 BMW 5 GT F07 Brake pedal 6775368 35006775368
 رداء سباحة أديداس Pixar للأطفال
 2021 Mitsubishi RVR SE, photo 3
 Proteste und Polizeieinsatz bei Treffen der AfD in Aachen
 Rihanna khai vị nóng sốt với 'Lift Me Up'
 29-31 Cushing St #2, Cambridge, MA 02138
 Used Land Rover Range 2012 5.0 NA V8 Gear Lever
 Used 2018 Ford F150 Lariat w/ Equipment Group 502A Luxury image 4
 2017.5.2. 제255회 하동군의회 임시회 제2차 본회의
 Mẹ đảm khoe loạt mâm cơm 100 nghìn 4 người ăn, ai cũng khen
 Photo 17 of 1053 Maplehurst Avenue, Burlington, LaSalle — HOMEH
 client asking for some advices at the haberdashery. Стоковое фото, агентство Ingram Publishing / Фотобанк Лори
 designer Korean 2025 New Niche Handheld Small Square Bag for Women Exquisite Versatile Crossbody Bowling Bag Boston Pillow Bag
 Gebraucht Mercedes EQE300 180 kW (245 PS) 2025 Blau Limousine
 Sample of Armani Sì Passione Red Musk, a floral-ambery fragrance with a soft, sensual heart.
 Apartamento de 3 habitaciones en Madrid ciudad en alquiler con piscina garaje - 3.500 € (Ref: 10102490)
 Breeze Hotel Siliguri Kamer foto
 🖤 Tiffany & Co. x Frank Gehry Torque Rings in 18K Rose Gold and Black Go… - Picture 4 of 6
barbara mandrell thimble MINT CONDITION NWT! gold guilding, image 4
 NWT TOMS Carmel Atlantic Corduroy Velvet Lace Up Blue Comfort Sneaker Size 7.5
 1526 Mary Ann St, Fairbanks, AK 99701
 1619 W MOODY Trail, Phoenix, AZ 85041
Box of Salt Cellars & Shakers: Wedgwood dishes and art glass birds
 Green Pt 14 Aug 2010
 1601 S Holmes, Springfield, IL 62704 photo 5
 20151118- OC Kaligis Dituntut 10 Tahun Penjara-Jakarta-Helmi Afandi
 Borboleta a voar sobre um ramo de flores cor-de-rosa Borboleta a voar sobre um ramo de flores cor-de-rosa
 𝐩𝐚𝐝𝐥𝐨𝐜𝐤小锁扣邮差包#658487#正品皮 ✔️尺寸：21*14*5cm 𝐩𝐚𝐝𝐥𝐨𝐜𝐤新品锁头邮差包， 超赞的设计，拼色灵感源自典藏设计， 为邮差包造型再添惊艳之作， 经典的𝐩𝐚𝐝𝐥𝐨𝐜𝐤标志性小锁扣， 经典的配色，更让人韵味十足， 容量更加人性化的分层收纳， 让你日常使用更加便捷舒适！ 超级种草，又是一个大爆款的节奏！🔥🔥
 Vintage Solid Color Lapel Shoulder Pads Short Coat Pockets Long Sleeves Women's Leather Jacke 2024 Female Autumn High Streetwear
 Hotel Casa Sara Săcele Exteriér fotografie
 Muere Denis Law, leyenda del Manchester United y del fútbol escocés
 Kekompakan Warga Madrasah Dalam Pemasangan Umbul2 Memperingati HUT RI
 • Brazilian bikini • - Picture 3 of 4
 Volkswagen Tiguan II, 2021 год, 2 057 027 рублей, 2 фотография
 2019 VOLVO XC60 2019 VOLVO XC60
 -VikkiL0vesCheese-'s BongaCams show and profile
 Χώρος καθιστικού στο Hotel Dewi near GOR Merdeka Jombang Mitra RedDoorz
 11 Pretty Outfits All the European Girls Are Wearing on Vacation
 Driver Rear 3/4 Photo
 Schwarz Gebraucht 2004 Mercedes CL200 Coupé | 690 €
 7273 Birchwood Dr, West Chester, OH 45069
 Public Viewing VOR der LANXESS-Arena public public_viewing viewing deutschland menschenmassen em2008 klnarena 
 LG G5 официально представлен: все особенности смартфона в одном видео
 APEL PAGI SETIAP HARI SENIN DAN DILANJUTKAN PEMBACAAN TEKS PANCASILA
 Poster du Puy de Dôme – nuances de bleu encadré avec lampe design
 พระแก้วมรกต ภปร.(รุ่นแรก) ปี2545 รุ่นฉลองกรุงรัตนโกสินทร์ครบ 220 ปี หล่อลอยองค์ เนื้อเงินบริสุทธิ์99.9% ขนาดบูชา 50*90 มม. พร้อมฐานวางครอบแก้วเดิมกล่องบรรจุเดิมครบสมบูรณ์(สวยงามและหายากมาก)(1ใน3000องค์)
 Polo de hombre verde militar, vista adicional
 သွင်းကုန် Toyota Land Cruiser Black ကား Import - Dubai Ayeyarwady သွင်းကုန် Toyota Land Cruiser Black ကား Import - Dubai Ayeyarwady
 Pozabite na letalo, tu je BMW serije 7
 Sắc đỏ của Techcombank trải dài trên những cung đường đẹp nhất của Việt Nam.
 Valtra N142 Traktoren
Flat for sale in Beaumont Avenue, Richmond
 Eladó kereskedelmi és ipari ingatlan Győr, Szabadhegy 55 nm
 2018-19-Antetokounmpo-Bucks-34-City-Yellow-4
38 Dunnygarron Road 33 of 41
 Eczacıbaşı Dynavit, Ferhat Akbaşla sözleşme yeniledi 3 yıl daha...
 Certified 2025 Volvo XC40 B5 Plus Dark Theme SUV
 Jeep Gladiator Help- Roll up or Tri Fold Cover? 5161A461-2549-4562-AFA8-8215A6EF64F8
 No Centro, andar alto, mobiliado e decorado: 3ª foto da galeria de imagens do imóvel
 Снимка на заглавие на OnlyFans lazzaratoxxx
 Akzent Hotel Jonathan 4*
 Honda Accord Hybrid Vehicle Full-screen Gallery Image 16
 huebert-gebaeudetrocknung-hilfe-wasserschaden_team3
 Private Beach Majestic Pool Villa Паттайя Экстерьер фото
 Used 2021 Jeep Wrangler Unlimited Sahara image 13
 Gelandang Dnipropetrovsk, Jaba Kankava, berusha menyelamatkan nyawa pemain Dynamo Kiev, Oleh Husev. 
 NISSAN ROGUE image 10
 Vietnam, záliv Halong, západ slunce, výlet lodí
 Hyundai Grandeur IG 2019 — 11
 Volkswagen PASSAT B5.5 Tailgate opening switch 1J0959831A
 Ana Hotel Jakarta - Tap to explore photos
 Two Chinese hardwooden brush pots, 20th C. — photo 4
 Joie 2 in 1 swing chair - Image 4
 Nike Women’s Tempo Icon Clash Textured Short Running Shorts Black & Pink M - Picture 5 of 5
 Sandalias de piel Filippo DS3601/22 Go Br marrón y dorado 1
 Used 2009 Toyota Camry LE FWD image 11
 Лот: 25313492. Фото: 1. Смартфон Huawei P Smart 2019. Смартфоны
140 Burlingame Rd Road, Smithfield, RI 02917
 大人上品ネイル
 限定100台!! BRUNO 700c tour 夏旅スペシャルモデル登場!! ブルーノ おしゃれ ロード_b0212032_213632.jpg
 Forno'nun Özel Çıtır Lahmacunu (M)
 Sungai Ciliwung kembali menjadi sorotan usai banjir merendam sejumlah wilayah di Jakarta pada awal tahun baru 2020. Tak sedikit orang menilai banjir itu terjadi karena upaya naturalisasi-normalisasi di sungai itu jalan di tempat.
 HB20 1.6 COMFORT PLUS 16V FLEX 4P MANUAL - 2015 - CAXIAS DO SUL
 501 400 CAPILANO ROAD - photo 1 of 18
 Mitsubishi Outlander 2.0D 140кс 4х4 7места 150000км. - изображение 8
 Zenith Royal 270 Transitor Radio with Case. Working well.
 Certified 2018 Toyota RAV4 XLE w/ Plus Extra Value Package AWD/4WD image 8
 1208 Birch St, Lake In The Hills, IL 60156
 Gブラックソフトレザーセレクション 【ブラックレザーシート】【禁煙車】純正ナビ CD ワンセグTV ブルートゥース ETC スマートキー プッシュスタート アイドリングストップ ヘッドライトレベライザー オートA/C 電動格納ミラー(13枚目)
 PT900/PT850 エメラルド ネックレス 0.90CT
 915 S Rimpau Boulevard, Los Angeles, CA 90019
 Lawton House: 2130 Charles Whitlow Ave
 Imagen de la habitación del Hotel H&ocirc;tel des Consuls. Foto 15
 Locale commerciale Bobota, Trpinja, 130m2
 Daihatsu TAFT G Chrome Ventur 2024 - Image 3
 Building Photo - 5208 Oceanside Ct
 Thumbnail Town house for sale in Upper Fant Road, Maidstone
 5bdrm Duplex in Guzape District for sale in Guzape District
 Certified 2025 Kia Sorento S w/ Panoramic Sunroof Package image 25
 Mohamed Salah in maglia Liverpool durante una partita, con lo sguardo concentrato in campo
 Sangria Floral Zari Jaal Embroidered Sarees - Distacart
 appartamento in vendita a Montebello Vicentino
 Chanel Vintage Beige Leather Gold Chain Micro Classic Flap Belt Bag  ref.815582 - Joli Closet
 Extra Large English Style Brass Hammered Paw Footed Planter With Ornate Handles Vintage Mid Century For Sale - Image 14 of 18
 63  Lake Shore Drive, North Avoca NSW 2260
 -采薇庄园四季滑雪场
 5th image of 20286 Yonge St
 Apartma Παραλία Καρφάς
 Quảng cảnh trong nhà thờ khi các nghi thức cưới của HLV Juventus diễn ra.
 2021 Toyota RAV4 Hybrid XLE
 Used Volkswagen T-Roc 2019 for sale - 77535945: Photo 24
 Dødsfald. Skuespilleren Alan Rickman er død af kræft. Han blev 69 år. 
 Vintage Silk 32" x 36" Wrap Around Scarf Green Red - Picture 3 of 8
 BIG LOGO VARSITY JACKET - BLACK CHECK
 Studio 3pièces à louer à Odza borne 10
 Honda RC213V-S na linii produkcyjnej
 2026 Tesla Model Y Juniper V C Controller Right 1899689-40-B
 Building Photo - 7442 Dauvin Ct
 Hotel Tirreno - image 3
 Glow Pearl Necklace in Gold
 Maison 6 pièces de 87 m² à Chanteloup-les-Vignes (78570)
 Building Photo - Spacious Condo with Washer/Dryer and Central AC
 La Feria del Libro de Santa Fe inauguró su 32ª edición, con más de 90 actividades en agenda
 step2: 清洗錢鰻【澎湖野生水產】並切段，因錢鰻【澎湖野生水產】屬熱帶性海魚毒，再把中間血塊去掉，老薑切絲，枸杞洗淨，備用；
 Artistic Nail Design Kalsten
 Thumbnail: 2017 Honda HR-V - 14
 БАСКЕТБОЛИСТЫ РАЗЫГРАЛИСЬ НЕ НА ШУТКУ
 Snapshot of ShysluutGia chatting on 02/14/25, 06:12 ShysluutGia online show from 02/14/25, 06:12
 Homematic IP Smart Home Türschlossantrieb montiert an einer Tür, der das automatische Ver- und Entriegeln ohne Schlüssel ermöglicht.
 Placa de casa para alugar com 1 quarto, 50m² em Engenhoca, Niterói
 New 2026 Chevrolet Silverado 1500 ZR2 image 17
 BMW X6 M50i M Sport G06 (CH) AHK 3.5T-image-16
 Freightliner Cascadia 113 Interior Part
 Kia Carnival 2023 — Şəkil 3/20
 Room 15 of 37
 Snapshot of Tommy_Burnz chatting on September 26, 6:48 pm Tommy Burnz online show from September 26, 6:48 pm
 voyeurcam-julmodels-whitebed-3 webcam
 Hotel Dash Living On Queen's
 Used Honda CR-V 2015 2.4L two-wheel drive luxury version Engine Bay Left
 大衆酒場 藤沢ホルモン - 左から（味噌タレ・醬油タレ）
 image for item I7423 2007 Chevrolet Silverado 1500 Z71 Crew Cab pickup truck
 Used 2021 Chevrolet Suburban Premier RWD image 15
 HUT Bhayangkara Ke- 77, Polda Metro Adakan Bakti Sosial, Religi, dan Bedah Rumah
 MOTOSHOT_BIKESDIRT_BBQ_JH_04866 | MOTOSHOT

========

What is needed> Quote the records above from their first line through the line containing "Hotel Casa Sara Săcele Exteriér fotografie", both ends included.

Solution for this problem>
 BMW 5 GT F07 Brake pedal 6775368 35006775368
 رداء سباحة أديداس Pixar للأطفال
 2021 Mitsubishi RVR SE, photo 3
 Proteste und Polizeieinsatz bei Treffen der AfD in Aachen
 Rihanna khai vị nóng sốt với 'Lift Me Up'
 29-31 Cushing St #2, Cambridge, MA 02138
 Used Land Rover Range 2012 5.0 NA V8 Gear Lever
 Used 2018 Ford F150 Lariat w/ Equipment Group 502A Luxury image 4
 2017.5.2. 제255회 하동군의회 임시회 제2차 본회의
 Mẹ đảm khoe loạt mâm cơm 100 nghìn 4 người ăn, ai cũng khen
 Photo 17 of 1053 Maplehurst Avenue, Burlington, LaSalle — HOMEH
 client asking for some advices at the haberdashery. Стоковое фото, агентство Ingram Publishing / Фотобанк Лори
 designer Korean 2025 New Niche Handheld Small Square Bag for Women Exquisite Versatile Crossbody Bowling Bag Boston Pillow Bag
 Gebraucht Mercedes EQE300 180 kW (245 PS) 2025 Blau Limousine
 Sample of Armani Sì Passione Red Musk, a floral-ambery fragrance with a soft, sensual heart.
 Apartamento de 3 habitaciones en Madrid ciudad en alquiler con piscina garaje - 3.500 € (Ref: 10102490)
 Breeze Hotel Siliguri Kamer foto
 🖤 Tiffany & Co. x Frank Gehry Torque Rings in 18K Rose Gold and Black Go… - Picture 4 of 6
barbara mandrell thimble MINT CONDITION NWT! gold guilding, image 4
 NWT TOMS Carmel Atlantic Corduroy Velvet Lace Up Blue Comfort Sneaker Size 7.5
 1526 Mary Ann St, Fairbanks, AK 99701
 1619 W MOODY Trail, Phoenix, AZ 85041
Box of Salt Cellars & Shakers: Wedgwood dishes and art glass birds
 Green Pt 14 Aug 2010
 1601 S Holmes, Springfield, IL 62704 photo 5
 20151118- OC Kaligis Dituntut 10 Tahun Penjara-Jakarta-Helmi Afandi
 Borboleta a voar sobre um ramo de flores cor-de-rosa Borboleta a voar sobre um ramo de flores cor-de-rosa
 𝐩𝐚𝐝𝐥𝐨𝐜𝐤小锁扣邮差包#658487#正品皮 ✔️尺寸：21*14*5cm 𝐩𝐚𝐝𝐥𝐨𝐜𝐤新品锁头邮差包， 超赞的设计，拼色灵感源自典藏设计， 为邮差包造型再添惊艳之作， 经典的𝐩𝐚𝐝𝐥𝐨𝐜𝐤标志性小锁扣， 经典的配色，更让人韵味十足， 容量更加人性化的分层收纳， 让你日常使用更加便捷舒适！ 超级种草，又是一个大爆款的节奏！🔥🔥
 Vintage Solid Color Lapel Shoulder Pads Short Coat Pockets Long Sleeves Women's Leather Jacke 2024 Female Autumn High Streetwear
 Hotel Casa Sara Săcele Exteriér fotografie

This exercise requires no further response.